::: Source data :::

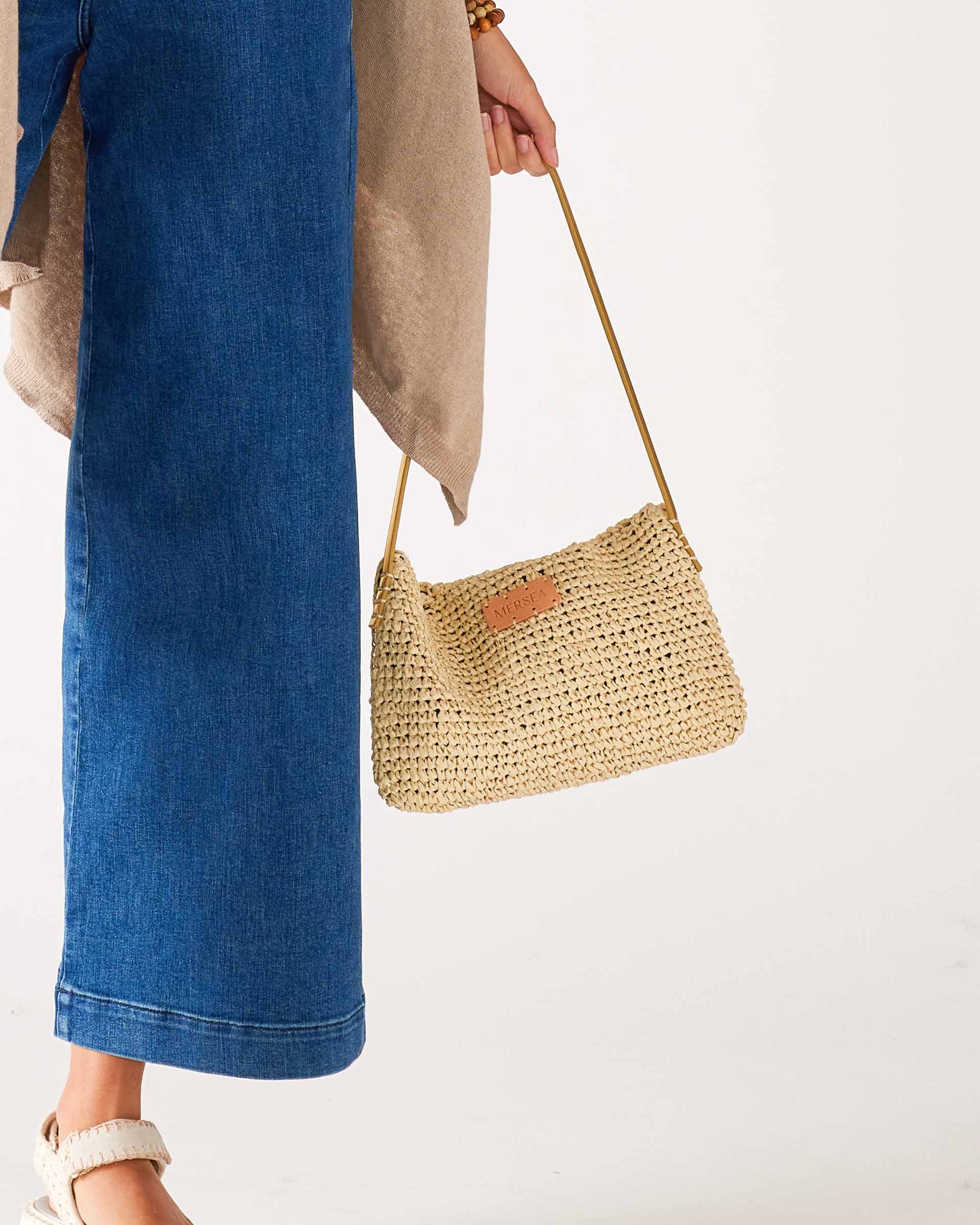 close up image of woman holding sun chaser straw pochette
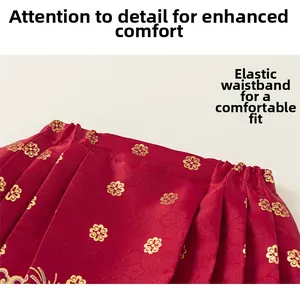 Detailed view of red and gold floral brocade fabric with comfortable elastic waistband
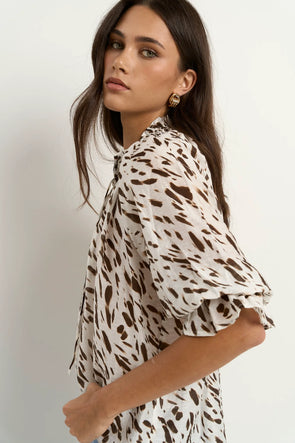 Oversized fit with flowing movement

Ruffle collar and elastic cuffs for added shape

Subtle v-neckline with easy pull-on design

Chocolate-toned animal print for a bold yet elevated look

Crafted from a breathable Tencel, linen, and nylon blend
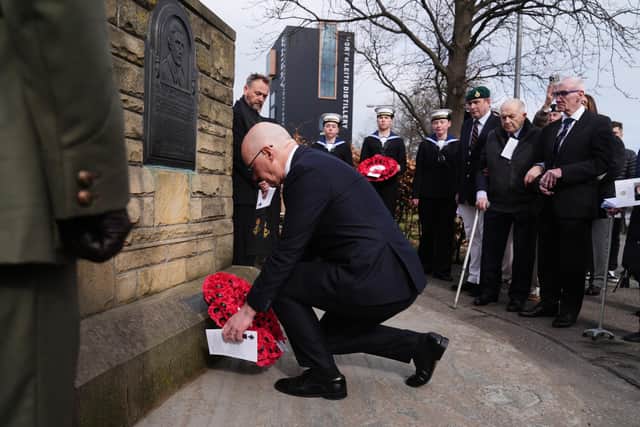 First Minister John Swinney lays a wreath to mark the sacrifice made by his uncle Thomas Peck Hunter during a Royal Marine Commandos memorial service at the Hunter Memorial in Leith, Edinburgh, yesterday (Picture: Andrew Milligan/PA Wire)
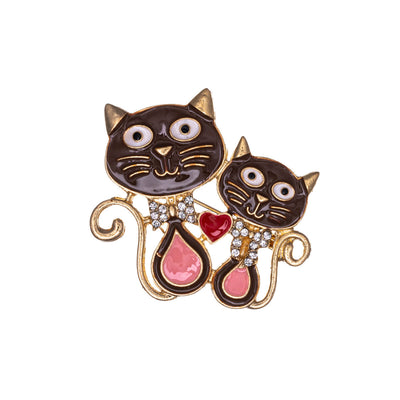Two cats brooch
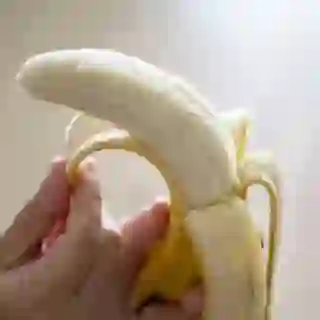 Peeling a banana.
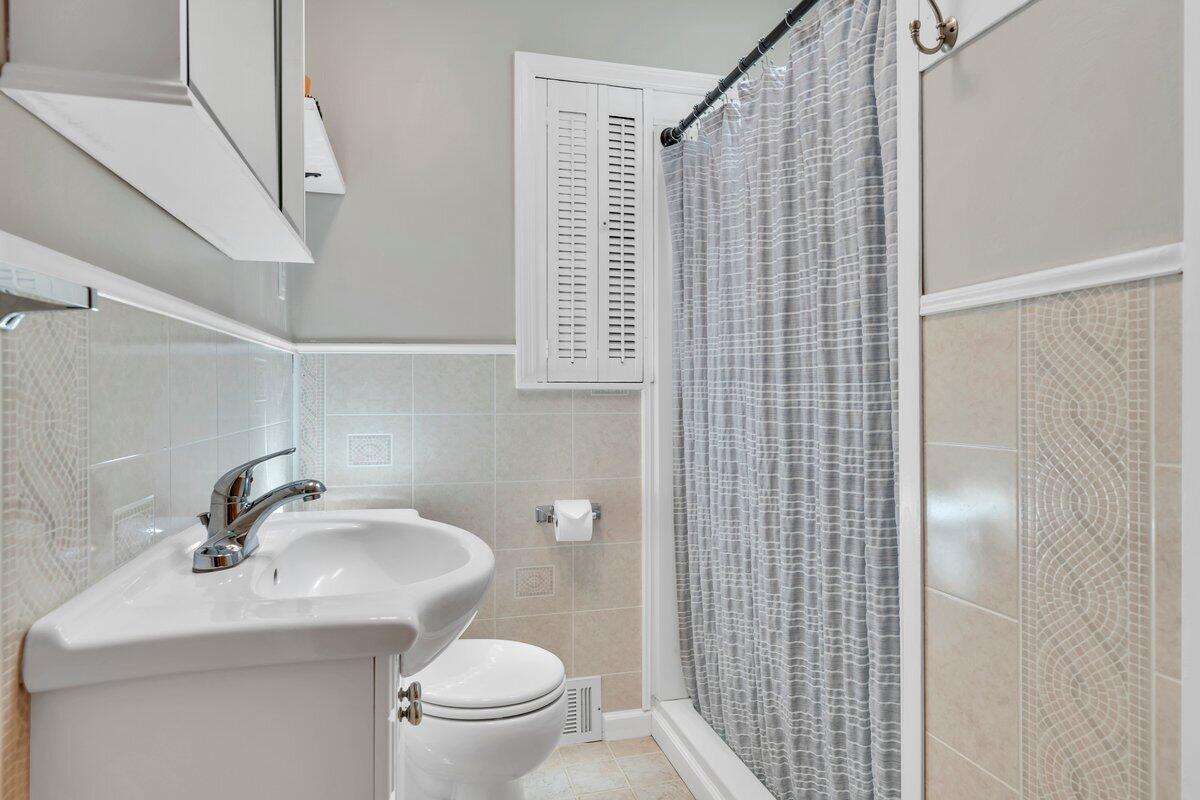3226 Rakes Road Rocky Mount, VA 24151 - Photo 39 of 74 a bathroom with a sink toilet and shower
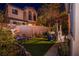 A tranquil backyard featuring an artificial lawn, seating area, and landscaped garden at 1557 Blue Sierra Ct, Henderson, NV 89074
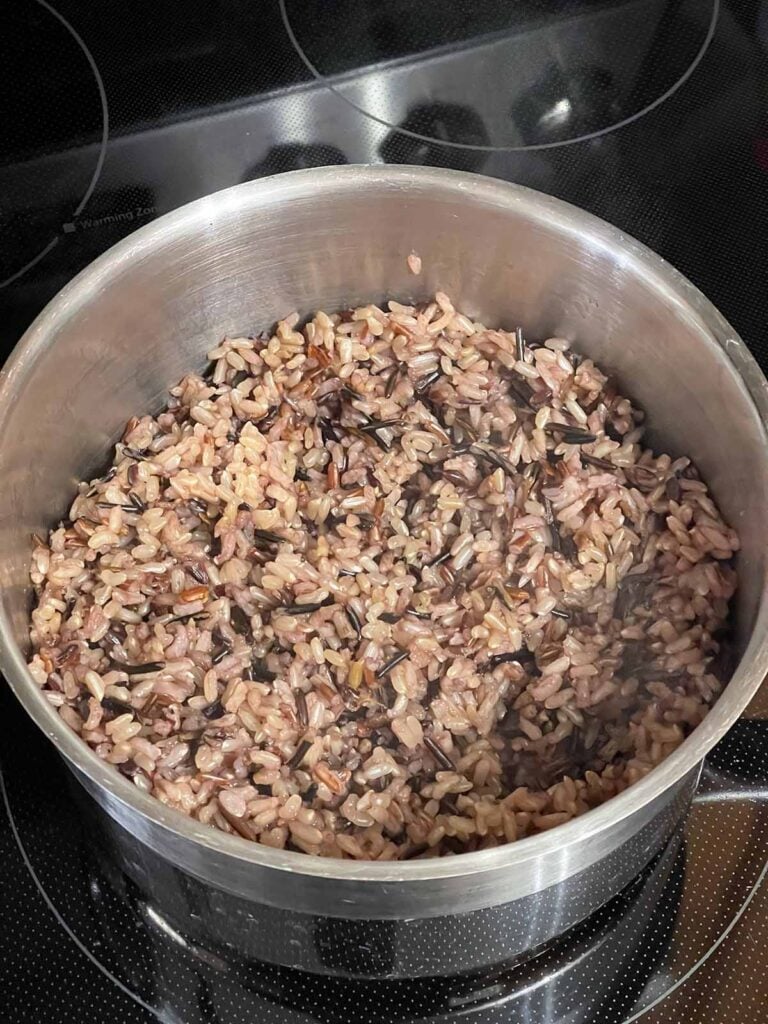 Cooked wild rice in a pot.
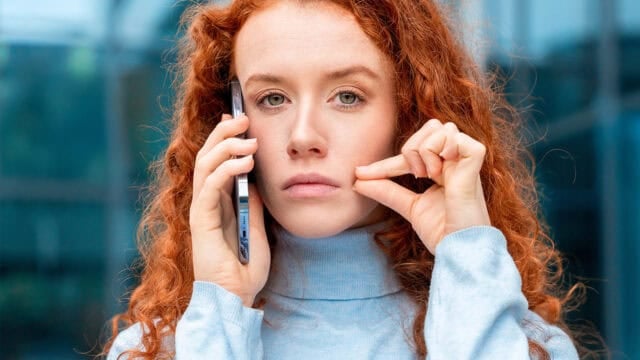 A woman with long red hair holds a smartphone to her ear while gently pinching her cheek with her other hand. She wears a light blue turtleneck and looks directly at the camera with a neutral expression.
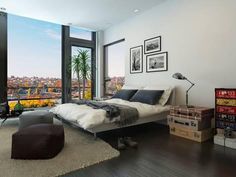 a bedroom with a large window overlooking the city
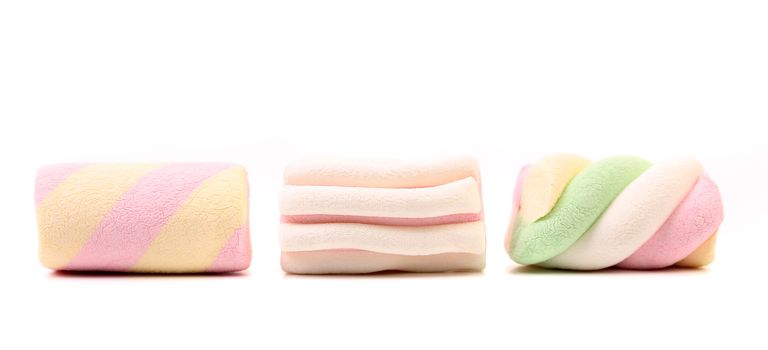 Three different colorful marshmallow. Close up. White background.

:::

What to do:
Given the records above, return the lines starting at the one that holds "Detailed view of" and ending at the one that holds "Crafted from a", exactly, and nothing besides; leave every picture out.

Exercise solution:
 Detailed view of red and gold floral brocade fabric with comfortable elastic waistband
 Oversized fit with flowing movement

Ruffle collar and elastic cuffs for added shape

Subtle v-neckline with easy pull-on design

Chocolate-toned animal print for a bold yet elevated look

Crafted from a breathable Tencel, linen, and nylon blend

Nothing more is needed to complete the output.